Non è tuttavia possibile escludere che alcuni operatori svolgano le attività professionali senza l’autorizzazione necessaria o senza rispettare tutte le norme applicabili. Questo può essere il caso, ad esempio, delle persone che svolgono operazioni di gestione illegale dei rifiuti. La condotta illegale non comporta l’esclusione di questi operatori dall’ambito di applicazione della direttiva; se così fosse, si contravverrebbe al principio «chi inquina paga»: la direttiva è espressione di tale principio e deve essere interpretata alla luce dello stesso. Come ribadito dalla comunicazione la direttiva dovrebbe essere applicata alle attività professionali che presentano un rischio per la salute umana o l’ambiente, e aggiunge che: «In linea di principio, tali attività dovrebbero essere individuate con riferimento alla normativa Ue pertinente che prevede requisiti normativi in relazione a certe attività o pratiche che si considera presentino un rischio potenziale o reale per la salute umana o l’ambiente».

La direttiva 2004/35/Ce del parlamento europeo e del consiglio, del 21 aprile 2004, in materia di prevenzione e riparazione del danno ambientale mira a istituire un quadro per la responsabilità ambientale, basato sul principio «chi inquina paga», per la prevenzione e la riparazione del danno ambientale. Una modifica adottata nel 2019 prevede che la Commissione europea elabori linee guida che forniscono un’interpretazione comune del termine «danno ambientale», come definito all’articolo 2 della direttiva

Le linee guida mirano ad affrontare nel modo più esaustivo possibile le difficoltà di interpretazione che si sono già presentate o che potrebbero ragionevolmente sorgere in futuro. A tal fine analizzano a fondo la definizione di «danno ambientale», in tutte le sue parti, soffermandosi soprattutto sulle considerazioni dettagliate che è possibile dedurre dalla formulazione e dal contesto giuridico e normativo, e facendo riferimento alla giurisprudenza della Corte di giustizia dell’Unione europea, che può contribuire a chiarire vari aspetti della definizione, direttamente o per analogia.
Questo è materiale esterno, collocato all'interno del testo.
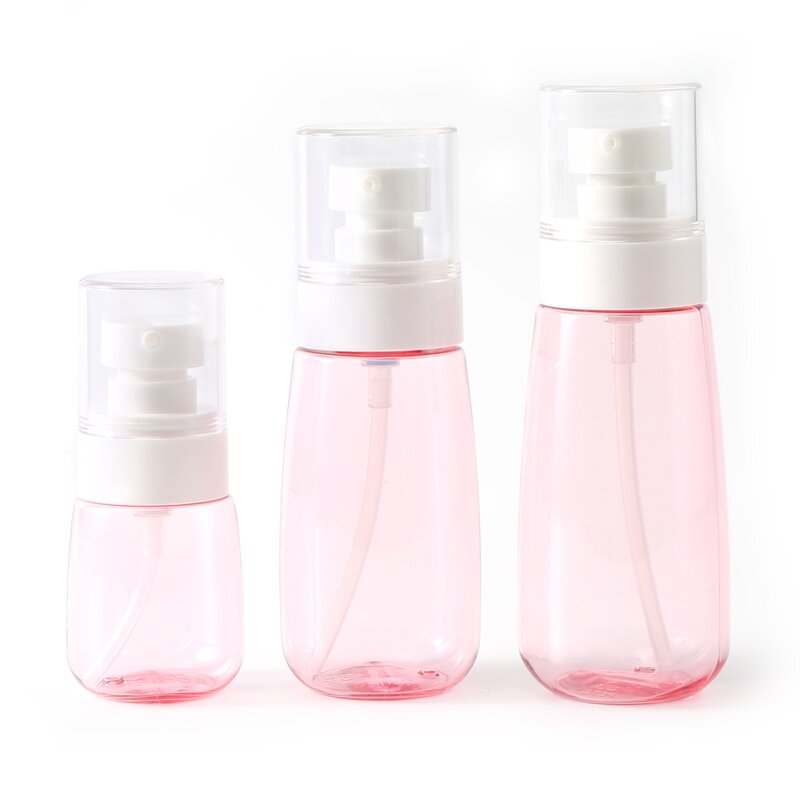 Travel Cosmetic Bottle Manufacturer - OEM High Quality 30-100ml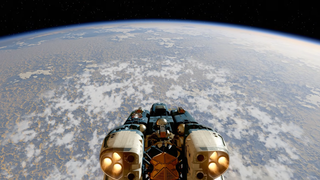 Bethesda cannot do it in three years, so a Starfield modder single-handedly created No Man's Sky-style seamless landings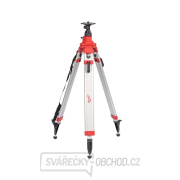 Teleskopický stativ 2,95 m Milwaukee TRP300 pro lasery Náhled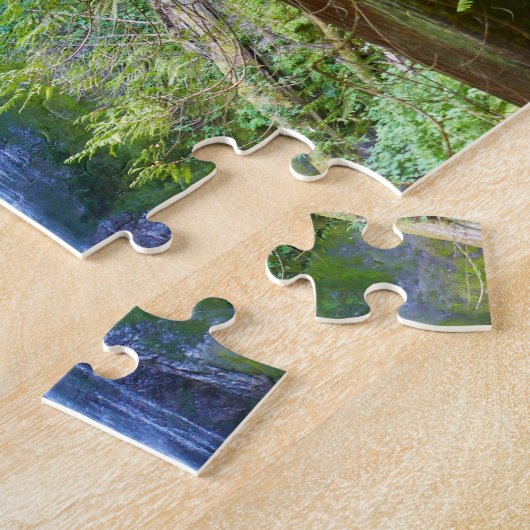 Puzzle Chutes Marymere I (Côté)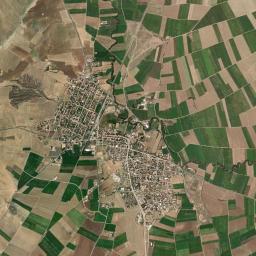 Sarıoğlan High Resolution Satellite Map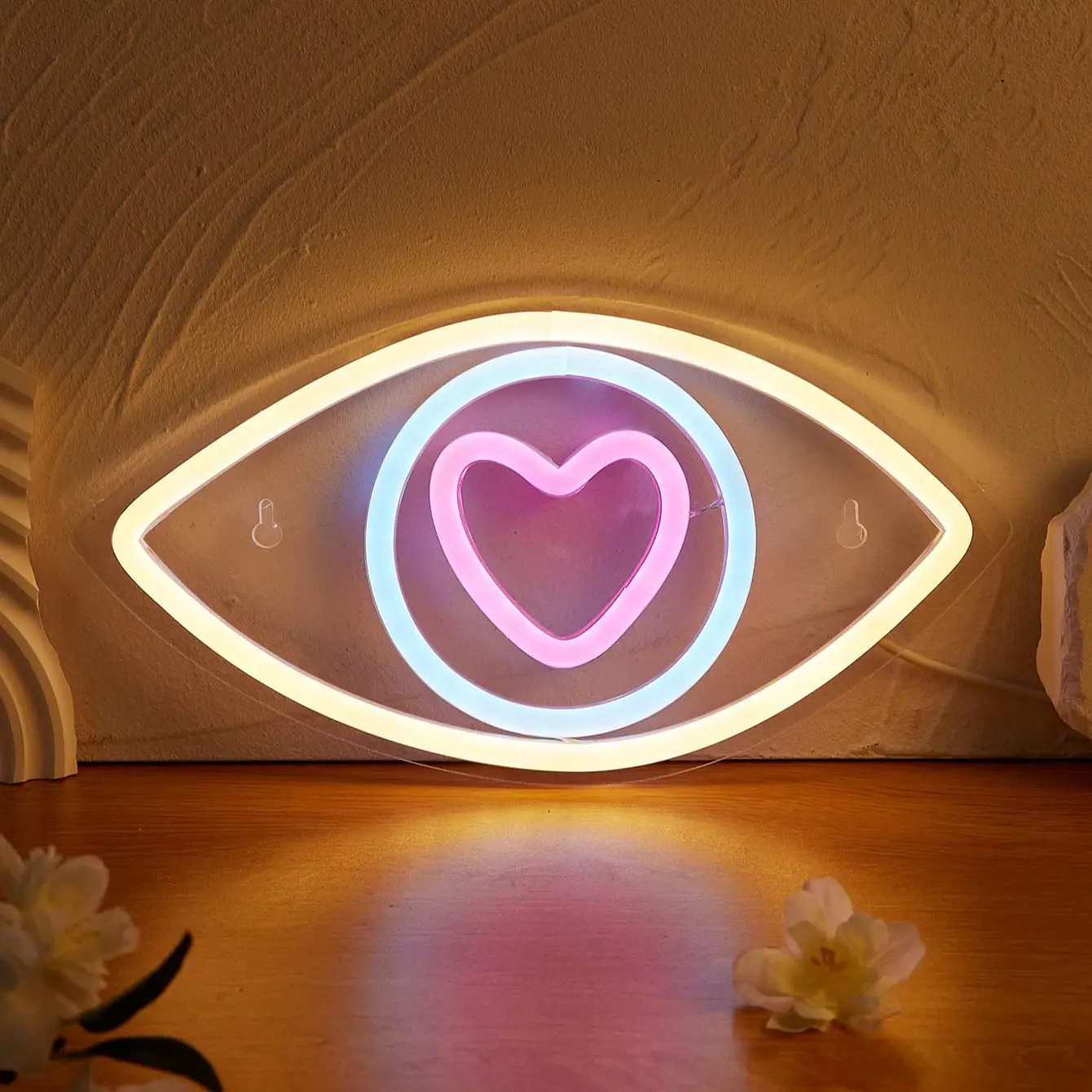 Chi-Buy Led Neon Ey… - image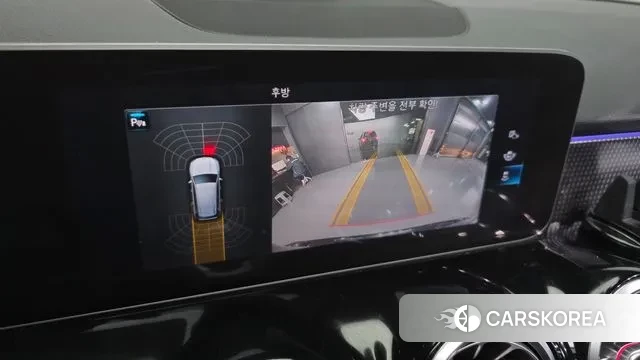 Mercedes-Benz GLB-Class X247 2020 Черный из Кореи, фото 6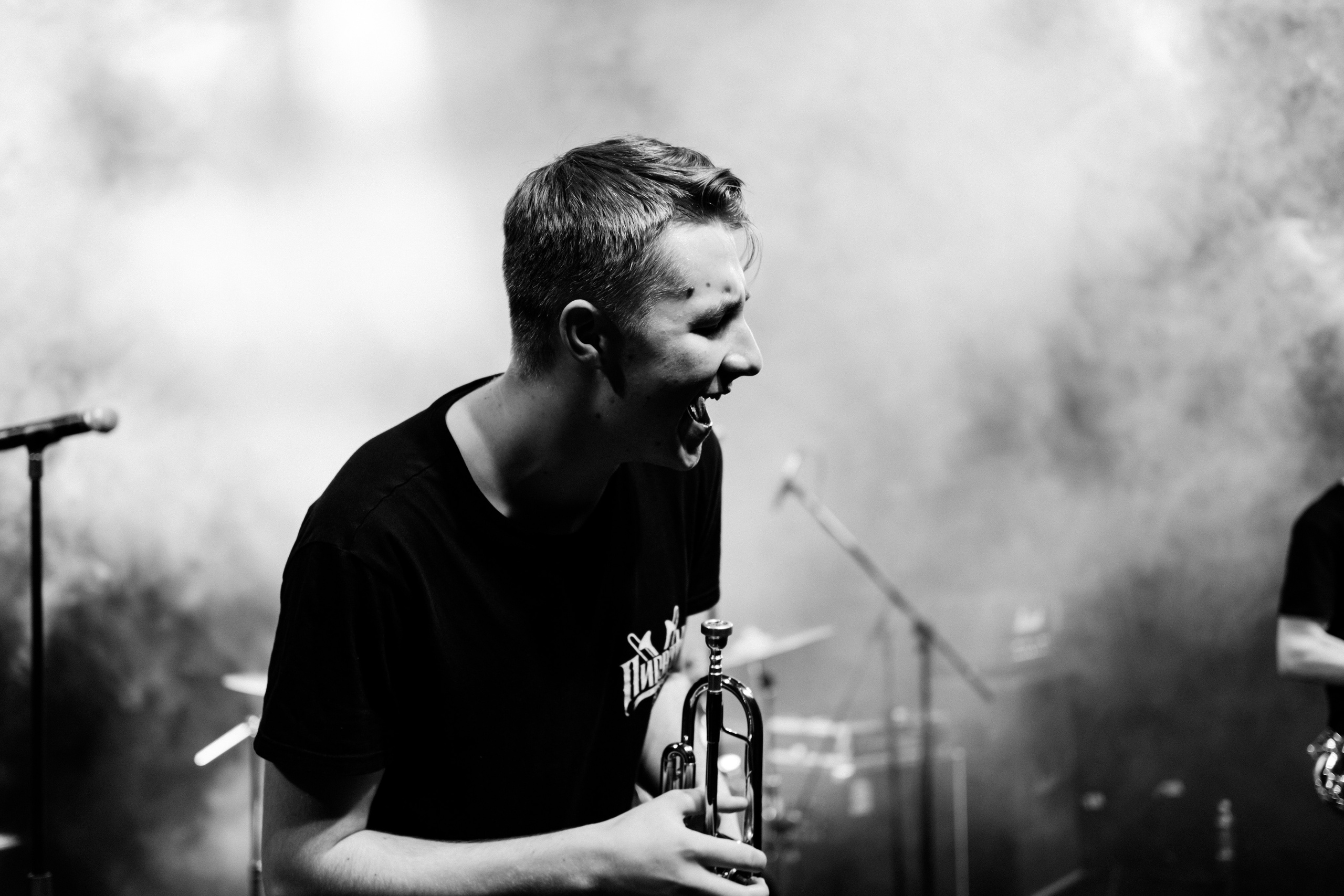 Концерт музыкальной группы. Фотограф в Иркутске Анна Мирошникова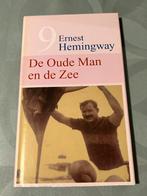 De Oude Man en de Zee - Ernest Hemingway, Boeken, Ophalen of Verzenden, Zo goed als nieuw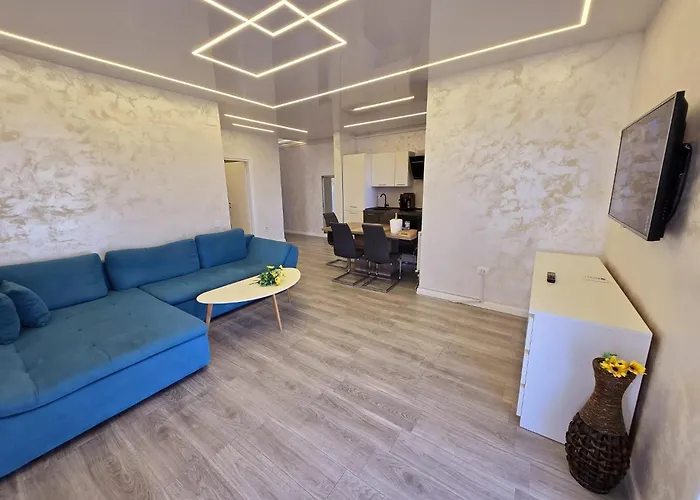 Apartman Sea View Infinity Family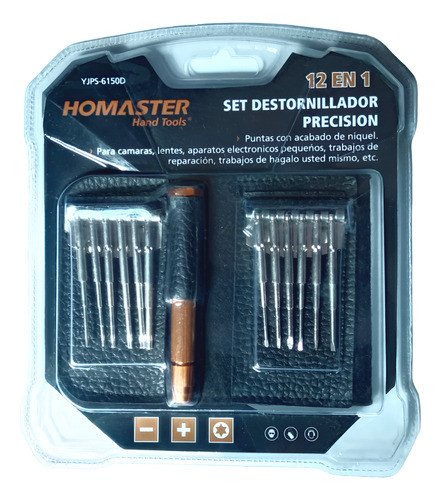 Destornilladores De Precision 0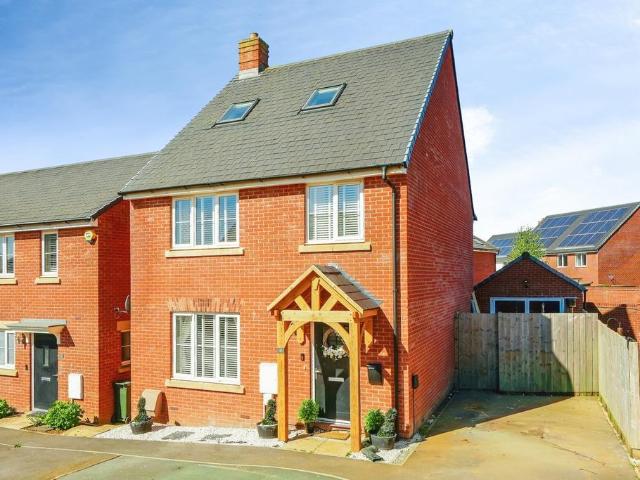 House for sale in Castle Grange, Evershot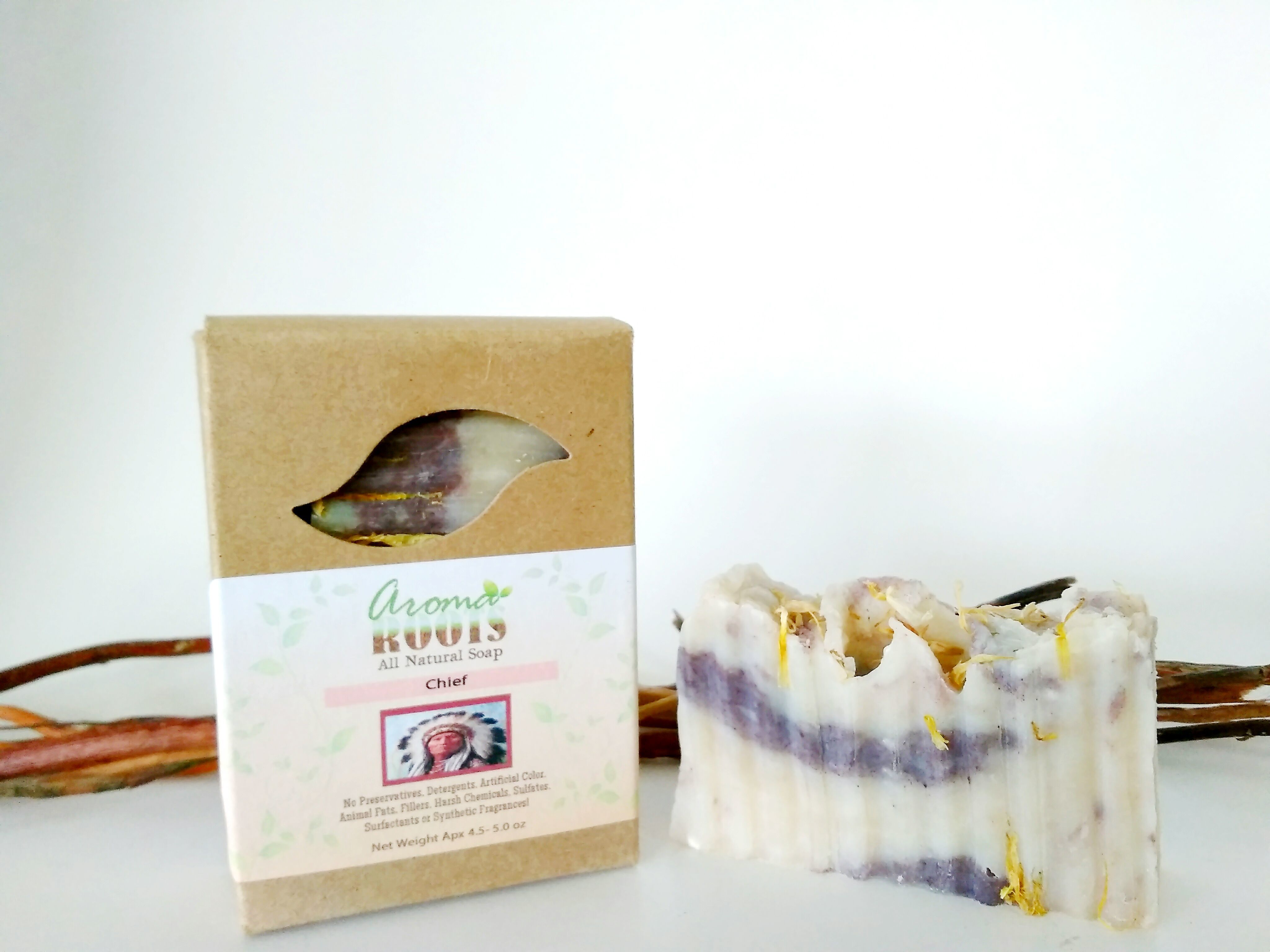 Chief Soap 700358647215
L’art. 2, punto 2, della direttiva 2004/35 definisce un «danno» come «un mutamento negativo misurabile di una risorsa naturale o un deterioramento misurabile di un servizio di una risorsa naturale, che può prodursi direttamente o indirettamente». Spetta alle autorità competenti individuare l’operatore che ha causato il danno ambientale o la minaccia imminente di danno.

Le linee guida sono state elaborate sotto la responsabilità esclusiva della Commissione, ma le stesse ci ricordano che solo la Corte è competente a interpretare autorevolmente il diritto dell’Unione.

L’art. 311 del dlgs n. 152/2006 (T.u. Ambientale), con le modifiche apposte dalla legge n. 97/2013, ha finalmente e pienamente adeguato la normativa italiana alla direttiva n. 2004/35/Ce, regolando l’intera materia del risarcimento del danno ambientale.